Devon Island Expedition

Devon Island Expedition
This blog features educational updates on my Devon Island Expedition of July 14-20, 2007. Other sites: spaceref.com/blogs/earthclassroom, www.marsonearth.org

Wednesday, May 13, 2009

Life in Space – A Day (or at least, the beginning of one)




On a Space Shuttle, music is piped up from the Mission Control Center. On the Space Station, you set your watch alarm. Or, as is sometimes the case on Earth, you awake early, all on your own, wondering “What the H..?!”
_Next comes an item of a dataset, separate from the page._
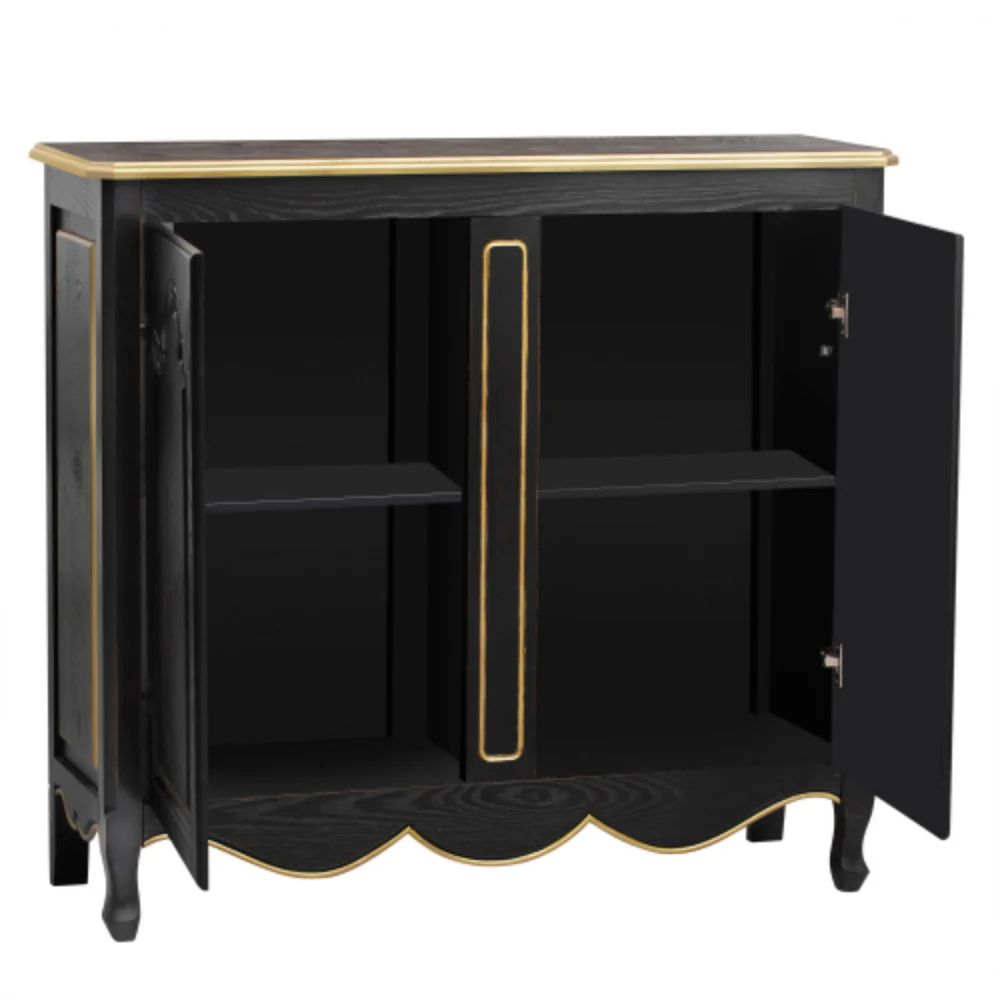 Accent Storage Cabinet with 2 Doors,Pure Hand Drawn,Solid Wood Legs,Suitable for living room, study and Entryway Black + Solid Wood+MDF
A typical day in space (is there such a thing?) starts a lot like a day on the ground, except that you are floating. Turn off the alarm. Unzip yourself out of your sleeping bag. Open the doors to the sleep station, haul yourself out.

You can do it however you like, but on the International Space Station, I fell into a routine of cleaning up in the evening before bed, and then wearing a clean T-shirt and underwear for sleep. In the morning, I was already half dressed. I would pull on a pair of Nomex shorts and white cotton gym socks, ready to get going. This was the typical uniform onboard, except for when the cameras were going to be on.





When we had a scheduled video interview, we would wear a polo-type crew shirt, or in the case of a serious event, don a flight suit.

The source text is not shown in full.